Philadelphia: McCalla & Stavely, 1865.

To the General Convention of the Protestant Episcopal Church in the United States.

The undersigned being generally acquainted with the facts submitted in the Memorial of the Rev. Wm. Chauncy Langdon, upon the subject of the Reform Movement in the Church of Italy, respectfully and cordially unite in commending the subject to the earnest attention and consideration of the General Convention.

PHILAD'A., Oct. 6, 1865.

Bishop of Maryland.

Bishop of Pennsylvania.

Bishop of Western New York.

Bishop of California.

Rector of Church of the Advent, Nashville, Tenn.

Assistant Minister, Trinity Church, New York.

House of Deputies, from Maryland.

Rector of Trinity Church, Pittsburgh, Penna.

Prof. of Systematic Theology, Nashotah, Wis.

House of Deputies, from Delaware.

Rector of Grace Church, Baltimore.

Rector of St. John's Church, Waterbury, Conn.

Rector of St. Luke's Church, Baltimore.

Rector of Trinity Church, Chicago.

Secretary of Foreign Committee Board of Missions.

Secretary of Domestic Committee Board of Missions.

Rector of St. Paul's Church, Baltimore.


Rector of Emmanuel Church, Baltimore.

Rector of St. James' Church, Chicago.

Rector of St. Michael's Church, Litchfield, Conn.

Rector of Holy Trinity Church, Brooklyn.

Rector of St. Luke's Church, Philadelphia.

Rector of Church of Ascension, Frankfort, Ky.

Received in General Convention and referred to Special Committees:




REV. DRS. HIGBEE, of N.Y., WHARTON, of Mass., MAHAN, of Md., NORTON, of Ky. and CUMMINS, of Ill., and Messrs. RUGGLES, of N.Y., HUNTINGTON, of Conn., CHAMBERS, of Md. And HUNT, of W. N. Y.

To the Rt. Rev. the Bishops, and to the Reverend, the Clerical and the Lay Deputies of the Protestant Episcopal Church in the United States, in General Convention assembled; the Memorial of the Rev. Wm. Chauncy Langdon, a Presbyter of the Diocese of Maryland, is humbly submitted.

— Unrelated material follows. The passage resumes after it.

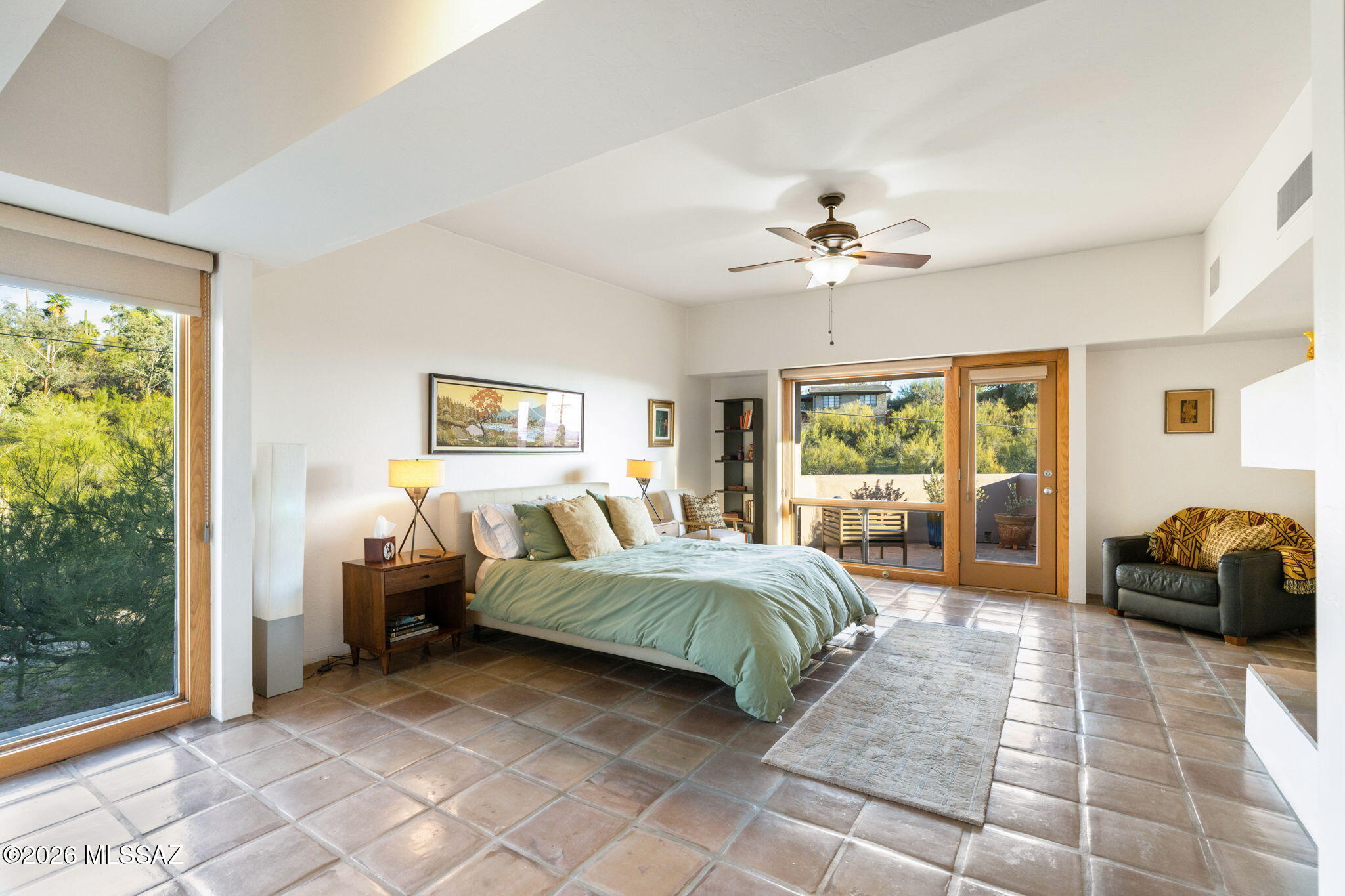 Catalina Foothills Estates NO. 2 - Residential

YOUR memorialist ventures to approach you in behalf of certain priests and others of the Church of Italy, who are seeking to procure such a reform in that Church, as shall restore it to the condition of its primitive purity in doctrine, discipline and worship.

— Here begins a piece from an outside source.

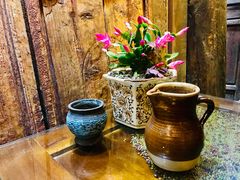 -尽善百年古院餐厅(王家老宅店)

It would have been more accordant with the feelings of your memorialist, to leave it to others possessed of a better claim upon your attention, to ask your sympathy and active interest in the present religious condition of Italy. In default, however, of the action of others, he trusts that the relations in which he has providentially been placed to this movement, will be held his sufficient excuse, if he is thought to presume. Being in Italy at the time in charge of the American Episcopal congregation at Rome, it was his privilege to be personally cognizant of some of the earliest phases of the reform movement, and to meet with some of those prominently identified therewith; he has since continued in communication both with some of the leading reformers and with those clergymen of the Church of England who have shown an active sympathy with their aims; and, finally, to him as a member of the American Church, have lately been addressed, both by Italian and by English Churchmen, expressions of earnest desire that our Church should extend the hand of fraternal sympathy and counsel to those who are thus seeking to obtain "like precious faith with us, through the righteousness of God and our Saviour Jesus Christ."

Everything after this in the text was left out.